Him: I’d go to the end of the world for you!
Me: Well… what are you waiting for then?
Dogs have a tendency to bark just to hear themselves bark. Reminds me of some people I know.
Proper punctuation can be the difference between a tweet being well written and a tweet being well, written.
I’m quiet and not great about confronting neighbors, so I renamed our wifi Everyone Hates Your Rooster, Greg.
i want my tweets to have a faint hint of humor, like a joke la croix
“i am trapped in a loveless marriage help me obi-wan you’re my only hope” “use divorce, luke”
I wish choosing a career was as easy as it is in books. Just some big dingus giant kicking down my door like “YER A PASTRY CHEF, HARRY!”
ME: “Nemo” is Latin for “no one,” so in essence he is searching for nothing, a spectre.
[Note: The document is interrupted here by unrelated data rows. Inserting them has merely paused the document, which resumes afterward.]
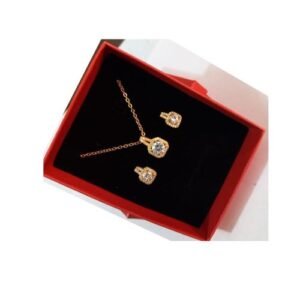 18k Gold Plated Cubic Zirconia Jewelry Set- Gold (Necklace & Earrings)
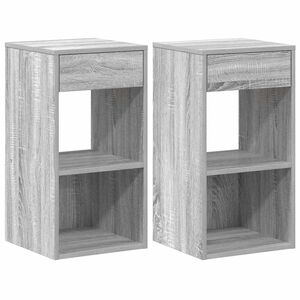 vidaXL &eacute;jjeliszekr&eacute;nyek fi&oacute;kos 2 db sz&uuml;rke sonoma 35x34x66,5 cm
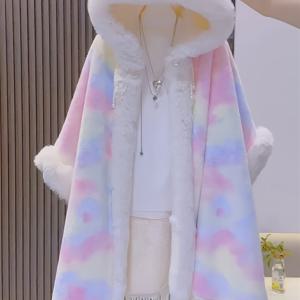 TEMU 여성을 위한 시크한 대형 미디 케이프 카디건 1개 - 폴리에스테르 인조 모피 칼라 샵과 테슬 디테일, 배트윙 반소매, 니트 직물, 그라데이션 옴브레 타이 다이 디자인, 방수 처리 안 된, 겨울 시즌 패션 코트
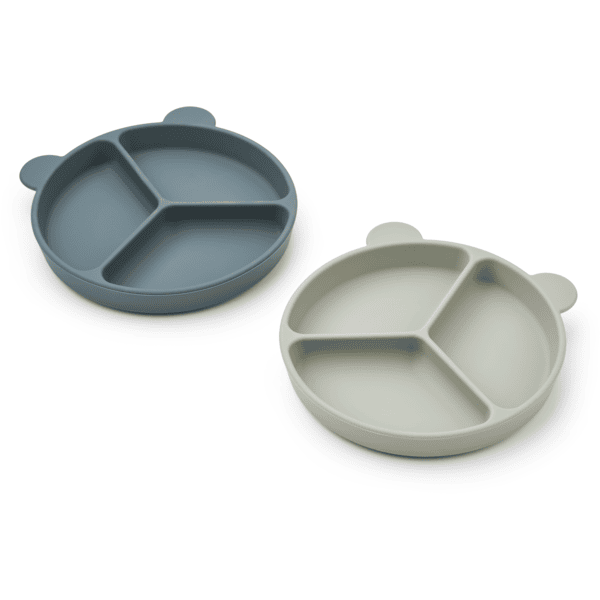 LIEWOOD Stacy Assiette à menu avec ventouse Lot de 2 whale blue/dove blue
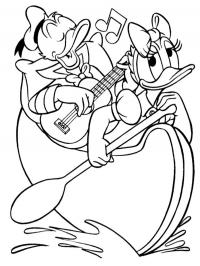 Pato Donald e Margarida em uma canoa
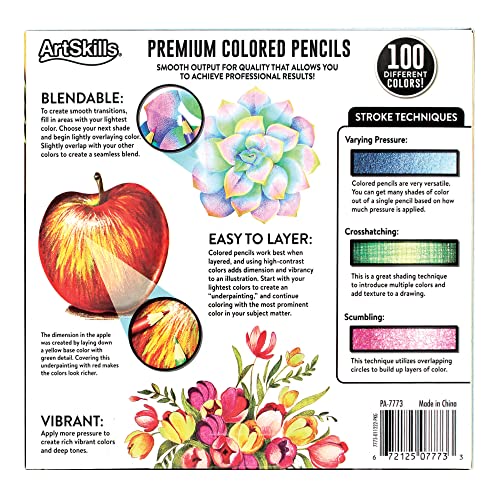 ArtSkills Artist Colored Pencils Set, Colored Pencils for Adult Coloring Books, Drawing, Sketching, 100-Count ArtSkills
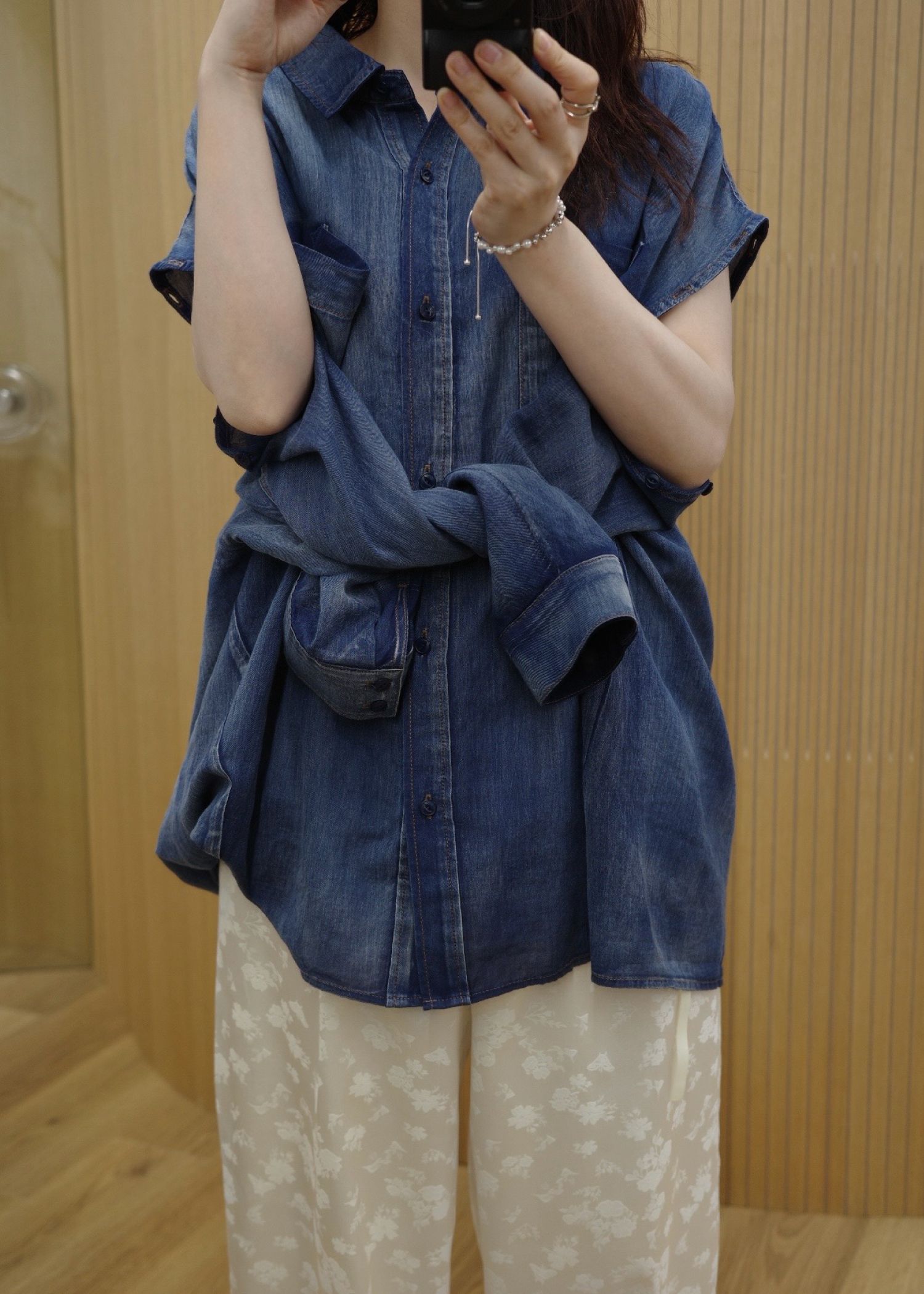 indigo gauze open shoulder oversize SH
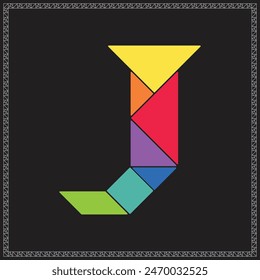 Tangram Puzzle Letter J Alphabet Colorful Geometric Illustration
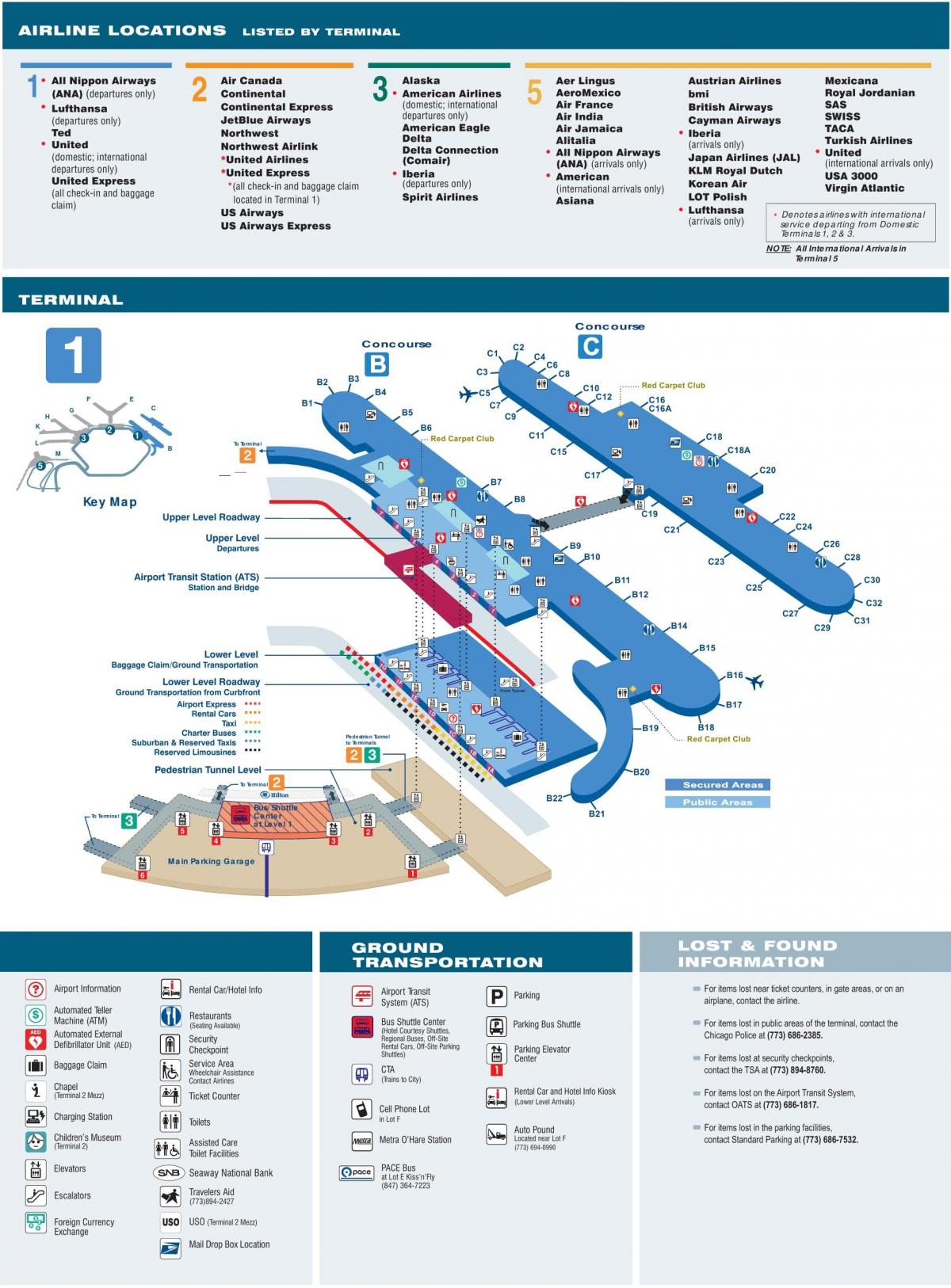 map of ord terminal 1 map Chicago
His voyage crosses many planes, into the depths of the underworld, led by a fool who speaks riddles. He is King Lear lost in the storm, but also Dante traversing Hell
MY CHILDREN: We hate you
Oh, you’re a witch? Name three children you’ve eaten.
Obviously, it would be hugely childish & wrong to chuckle at Linus & Florian, the backbone of Germany’s hockey team.
is your name melissa?
“yes”
are you married?
“to you sadly”
yes or no please
“yes”
do you like the lie detector I bought for your birthday?
Why procrastinate today
When you could procrastinate tomorrow
Cop: Do you know why I pulled you over?
Me: Because you got picked on in high school?
Cop: *sniffles* Shut up.
Anyone else get nervous when their life is going too well? Like right now I have 3 phone chargers.
Wife: Why can’t you be more spontaneous?
Me: *jumps out the window*
I’ve never been married, but I tell people I’m divorced so they won’t think something is wrong with me.
Chased a waterfall and caught it easily. Not really sure what the big deal is.
Hang on guys. My boyfriend told me not to be anxious, so I expect to feel better any moment.